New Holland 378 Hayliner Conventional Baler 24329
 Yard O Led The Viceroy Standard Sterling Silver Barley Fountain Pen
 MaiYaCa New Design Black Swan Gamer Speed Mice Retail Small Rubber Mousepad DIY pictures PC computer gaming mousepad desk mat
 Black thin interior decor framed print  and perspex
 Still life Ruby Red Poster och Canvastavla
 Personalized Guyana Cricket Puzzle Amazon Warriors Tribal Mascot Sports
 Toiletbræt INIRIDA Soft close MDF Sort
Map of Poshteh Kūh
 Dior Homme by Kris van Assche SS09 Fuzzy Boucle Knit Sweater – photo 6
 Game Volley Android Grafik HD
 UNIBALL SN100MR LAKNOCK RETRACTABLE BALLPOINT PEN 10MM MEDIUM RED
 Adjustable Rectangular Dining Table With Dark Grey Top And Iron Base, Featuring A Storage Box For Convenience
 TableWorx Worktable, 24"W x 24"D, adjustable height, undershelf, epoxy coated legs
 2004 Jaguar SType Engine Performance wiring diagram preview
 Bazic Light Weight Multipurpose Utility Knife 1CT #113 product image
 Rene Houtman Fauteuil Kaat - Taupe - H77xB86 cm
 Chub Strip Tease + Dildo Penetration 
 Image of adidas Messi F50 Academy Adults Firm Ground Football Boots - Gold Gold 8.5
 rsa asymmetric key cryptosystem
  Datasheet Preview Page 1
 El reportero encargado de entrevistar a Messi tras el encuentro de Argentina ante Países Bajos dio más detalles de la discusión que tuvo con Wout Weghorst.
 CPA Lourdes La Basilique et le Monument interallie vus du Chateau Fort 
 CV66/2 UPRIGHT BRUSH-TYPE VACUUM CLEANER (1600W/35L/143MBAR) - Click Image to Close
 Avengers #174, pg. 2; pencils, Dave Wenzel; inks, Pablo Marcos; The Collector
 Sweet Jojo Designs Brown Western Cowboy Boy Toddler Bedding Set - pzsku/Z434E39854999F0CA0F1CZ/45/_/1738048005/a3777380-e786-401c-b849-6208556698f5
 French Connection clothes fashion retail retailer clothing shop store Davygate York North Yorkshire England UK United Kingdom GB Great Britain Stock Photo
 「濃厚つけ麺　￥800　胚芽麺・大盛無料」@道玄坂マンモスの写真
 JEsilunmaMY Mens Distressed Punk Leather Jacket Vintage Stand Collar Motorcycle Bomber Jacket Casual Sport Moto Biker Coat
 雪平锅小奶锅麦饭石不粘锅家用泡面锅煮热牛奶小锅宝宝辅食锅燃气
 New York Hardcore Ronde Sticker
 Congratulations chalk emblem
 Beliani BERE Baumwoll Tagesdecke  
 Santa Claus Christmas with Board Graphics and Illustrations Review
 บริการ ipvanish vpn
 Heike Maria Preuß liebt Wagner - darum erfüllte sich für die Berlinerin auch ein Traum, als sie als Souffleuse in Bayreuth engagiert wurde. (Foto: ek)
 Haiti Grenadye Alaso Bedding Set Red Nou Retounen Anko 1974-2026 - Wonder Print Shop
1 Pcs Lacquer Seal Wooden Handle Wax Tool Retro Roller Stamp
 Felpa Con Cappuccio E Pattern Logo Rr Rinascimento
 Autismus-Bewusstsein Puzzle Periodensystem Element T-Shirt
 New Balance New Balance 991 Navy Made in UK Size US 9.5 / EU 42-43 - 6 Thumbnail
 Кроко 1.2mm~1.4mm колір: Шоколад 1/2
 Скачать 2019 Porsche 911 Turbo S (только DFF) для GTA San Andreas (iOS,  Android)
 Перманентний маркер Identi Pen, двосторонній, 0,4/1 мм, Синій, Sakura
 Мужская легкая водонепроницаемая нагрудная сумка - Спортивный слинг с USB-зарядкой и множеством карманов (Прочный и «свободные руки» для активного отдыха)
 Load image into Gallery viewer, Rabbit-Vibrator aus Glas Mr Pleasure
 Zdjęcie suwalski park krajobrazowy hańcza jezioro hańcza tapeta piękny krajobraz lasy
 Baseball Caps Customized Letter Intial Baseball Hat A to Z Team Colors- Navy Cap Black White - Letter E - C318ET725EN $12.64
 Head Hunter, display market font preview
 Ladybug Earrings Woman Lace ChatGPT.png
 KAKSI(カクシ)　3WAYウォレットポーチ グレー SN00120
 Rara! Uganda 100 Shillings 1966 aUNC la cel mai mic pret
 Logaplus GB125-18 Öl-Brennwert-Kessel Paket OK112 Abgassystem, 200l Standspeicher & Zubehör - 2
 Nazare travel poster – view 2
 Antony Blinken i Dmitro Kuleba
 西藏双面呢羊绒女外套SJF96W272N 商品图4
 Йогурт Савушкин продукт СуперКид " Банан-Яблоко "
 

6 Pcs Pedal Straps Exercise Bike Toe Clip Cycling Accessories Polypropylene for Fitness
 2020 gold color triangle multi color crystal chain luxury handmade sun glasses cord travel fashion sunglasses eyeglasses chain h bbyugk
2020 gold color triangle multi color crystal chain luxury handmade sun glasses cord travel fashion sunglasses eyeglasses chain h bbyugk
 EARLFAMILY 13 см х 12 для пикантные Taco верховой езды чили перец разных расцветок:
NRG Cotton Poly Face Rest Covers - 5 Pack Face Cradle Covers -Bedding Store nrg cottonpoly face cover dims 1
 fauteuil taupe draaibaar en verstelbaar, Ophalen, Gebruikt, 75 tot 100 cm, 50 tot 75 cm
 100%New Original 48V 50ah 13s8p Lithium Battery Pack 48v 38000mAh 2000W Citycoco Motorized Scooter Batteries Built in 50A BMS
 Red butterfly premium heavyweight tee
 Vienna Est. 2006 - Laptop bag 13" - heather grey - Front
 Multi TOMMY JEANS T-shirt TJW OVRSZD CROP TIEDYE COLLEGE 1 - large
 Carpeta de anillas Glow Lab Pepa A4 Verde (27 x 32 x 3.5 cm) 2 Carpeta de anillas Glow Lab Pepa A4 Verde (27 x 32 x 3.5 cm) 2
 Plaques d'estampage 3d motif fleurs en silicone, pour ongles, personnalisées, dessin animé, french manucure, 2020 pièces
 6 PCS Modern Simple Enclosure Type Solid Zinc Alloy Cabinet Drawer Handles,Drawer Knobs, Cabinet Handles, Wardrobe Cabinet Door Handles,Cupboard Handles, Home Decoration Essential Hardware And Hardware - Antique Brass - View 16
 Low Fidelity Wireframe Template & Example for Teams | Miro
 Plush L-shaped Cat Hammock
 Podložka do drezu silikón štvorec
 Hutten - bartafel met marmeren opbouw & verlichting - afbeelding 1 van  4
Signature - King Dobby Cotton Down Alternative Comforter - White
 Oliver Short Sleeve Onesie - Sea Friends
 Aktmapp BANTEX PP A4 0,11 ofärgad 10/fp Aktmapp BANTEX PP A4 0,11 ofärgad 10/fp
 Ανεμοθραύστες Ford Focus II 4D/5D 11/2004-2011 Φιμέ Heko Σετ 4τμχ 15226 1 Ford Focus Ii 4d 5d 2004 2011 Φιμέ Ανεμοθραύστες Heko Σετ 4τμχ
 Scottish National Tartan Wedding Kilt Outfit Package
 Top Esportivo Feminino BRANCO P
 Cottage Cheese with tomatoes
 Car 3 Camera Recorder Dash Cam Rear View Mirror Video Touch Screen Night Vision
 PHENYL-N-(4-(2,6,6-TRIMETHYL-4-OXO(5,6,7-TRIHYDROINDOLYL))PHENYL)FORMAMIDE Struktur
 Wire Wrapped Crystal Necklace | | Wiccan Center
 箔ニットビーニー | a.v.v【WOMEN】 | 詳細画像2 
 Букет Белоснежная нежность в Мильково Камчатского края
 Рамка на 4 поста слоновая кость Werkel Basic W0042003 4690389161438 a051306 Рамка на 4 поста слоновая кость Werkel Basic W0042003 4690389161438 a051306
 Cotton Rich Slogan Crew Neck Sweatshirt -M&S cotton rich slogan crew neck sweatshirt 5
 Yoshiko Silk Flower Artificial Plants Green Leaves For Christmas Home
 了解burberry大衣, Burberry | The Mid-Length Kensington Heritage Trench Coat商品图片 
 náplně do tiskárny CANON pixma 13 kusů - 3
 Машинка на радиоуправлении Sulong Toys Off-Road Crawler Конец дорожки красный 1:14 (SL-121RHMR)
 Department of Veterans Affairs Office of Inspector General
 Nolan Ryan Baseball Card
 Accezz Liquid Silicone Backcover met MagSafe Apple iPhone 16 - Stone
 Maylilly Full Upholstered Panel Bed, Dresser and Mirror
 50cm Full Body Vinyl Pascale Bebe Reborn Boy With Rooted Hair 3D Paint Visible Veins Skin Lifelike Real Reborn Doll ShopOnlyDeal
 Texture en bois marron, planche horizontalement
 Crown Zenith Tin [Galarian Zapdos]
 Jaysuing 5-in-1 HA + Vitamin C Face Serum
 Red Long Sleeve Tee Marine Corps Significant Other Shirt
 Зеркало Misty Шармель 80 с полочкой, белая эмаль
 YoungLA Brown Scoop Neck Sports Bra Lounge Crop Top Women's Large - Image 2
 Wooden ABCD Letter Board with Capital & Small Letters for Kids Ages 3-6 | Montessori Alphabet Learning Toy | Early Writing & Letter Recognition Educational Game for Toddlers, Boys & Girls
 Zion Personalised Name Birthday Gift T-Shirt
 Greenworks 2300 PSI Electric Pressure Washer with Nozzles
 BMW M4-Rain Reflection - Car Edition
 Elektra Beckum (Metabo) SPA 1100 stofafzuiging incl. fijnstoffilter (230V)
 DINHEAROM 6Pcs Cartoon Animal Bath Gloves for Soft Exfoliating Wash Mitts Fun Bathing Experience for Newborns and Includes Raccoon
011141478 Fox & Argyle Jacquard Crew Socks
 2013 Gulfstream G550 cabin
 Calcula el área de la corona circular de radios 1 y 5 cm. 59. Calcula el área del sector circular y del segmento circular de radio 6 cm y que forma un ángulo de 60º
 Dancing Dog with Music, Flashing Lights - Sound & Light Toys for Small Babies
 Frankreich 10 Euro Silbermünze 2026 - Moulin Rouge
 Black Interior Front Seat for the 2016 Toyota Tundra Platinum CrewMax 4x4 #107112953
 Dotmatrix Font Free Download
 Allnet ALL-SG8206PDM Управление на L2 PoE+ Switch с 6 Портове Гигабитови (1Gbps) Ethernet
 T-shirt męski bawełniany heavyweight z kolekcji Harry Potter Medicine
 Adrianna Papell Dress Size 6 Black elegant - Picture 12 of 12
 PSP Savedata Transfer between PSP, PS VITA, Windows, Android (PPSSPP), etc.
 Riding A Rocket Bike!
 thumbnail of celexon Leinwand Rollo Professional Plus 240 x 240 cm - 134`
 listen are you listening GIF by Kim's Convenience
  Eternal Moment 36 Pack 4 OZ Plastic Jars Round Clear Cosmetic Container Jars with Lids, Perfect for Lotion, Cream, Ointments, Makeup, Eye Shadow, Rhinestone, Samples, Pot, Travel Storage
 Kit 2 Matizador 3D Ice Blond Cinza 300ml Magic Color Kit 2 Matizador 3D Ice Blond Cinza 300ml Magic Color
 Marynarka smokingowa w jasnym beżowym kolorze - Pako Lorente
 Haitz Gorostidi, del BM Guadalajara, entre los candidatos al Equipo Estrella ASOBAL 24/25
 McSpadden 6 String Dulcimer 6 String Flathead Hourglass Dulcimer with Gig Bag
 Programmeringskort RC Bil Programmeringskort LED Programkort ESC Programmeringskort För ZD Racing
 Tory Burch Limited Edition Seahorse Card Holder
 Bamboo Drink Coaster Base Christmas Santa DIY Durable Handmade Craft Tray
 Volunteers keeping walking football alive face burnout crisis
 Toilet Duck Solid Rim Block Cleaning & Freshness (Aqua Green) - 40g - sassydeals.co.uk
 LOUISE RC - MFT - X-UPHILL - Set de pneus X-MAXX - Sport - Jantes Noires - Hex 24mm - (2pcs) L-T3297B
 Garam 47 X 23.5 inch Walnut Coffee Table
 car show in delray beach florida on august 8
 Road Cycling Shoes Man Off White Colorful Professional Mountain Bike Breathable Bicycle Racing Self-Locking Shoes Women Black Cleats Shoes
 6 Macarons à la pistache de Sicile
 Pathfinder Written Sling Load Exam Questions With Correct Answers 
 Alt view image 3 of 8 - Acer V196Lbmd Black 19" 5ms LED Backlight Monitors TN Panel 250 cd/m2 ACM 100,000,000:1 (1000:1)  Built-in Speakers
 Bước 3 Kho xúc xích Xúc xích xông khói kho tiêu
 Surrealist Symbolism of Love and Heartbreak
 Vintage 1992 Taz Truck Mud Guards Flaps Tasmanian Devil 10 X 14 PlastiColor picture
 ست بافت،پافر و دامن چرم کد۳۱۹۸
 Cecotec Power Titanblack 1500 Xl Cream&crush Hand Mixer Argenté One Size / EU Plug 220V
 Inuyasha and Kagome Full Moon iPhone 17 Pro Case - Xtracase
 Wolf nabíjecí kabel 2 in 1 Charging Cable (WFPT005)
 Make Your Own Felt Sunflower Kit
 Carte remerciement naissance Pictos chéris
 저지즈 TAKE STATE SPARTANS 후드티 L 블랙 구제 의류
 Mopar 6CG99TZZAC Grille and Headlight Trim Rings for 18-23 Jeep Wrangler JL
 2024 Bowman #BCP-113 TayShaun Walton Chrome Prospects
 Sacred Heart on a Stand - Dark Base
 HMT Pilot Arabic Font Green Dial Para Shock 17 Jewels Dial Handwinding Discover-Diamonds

┄┄┄┄┄┄┄┄┄┄

Everything from the line with "Vienna Est. 2006" through the line with "Multi TOMMY JEANS" should be written out exactly as it appears above, end lines included, and nothing outside that range.

> _RESPONSE BOX_:
 Vienna Est. 2006 - Laptop bag 13" - heather grey - Front
 Multi TOMMY JEANS T-shirt TJW OVRSZD CROP TIEDYE COLLEGE 1 - large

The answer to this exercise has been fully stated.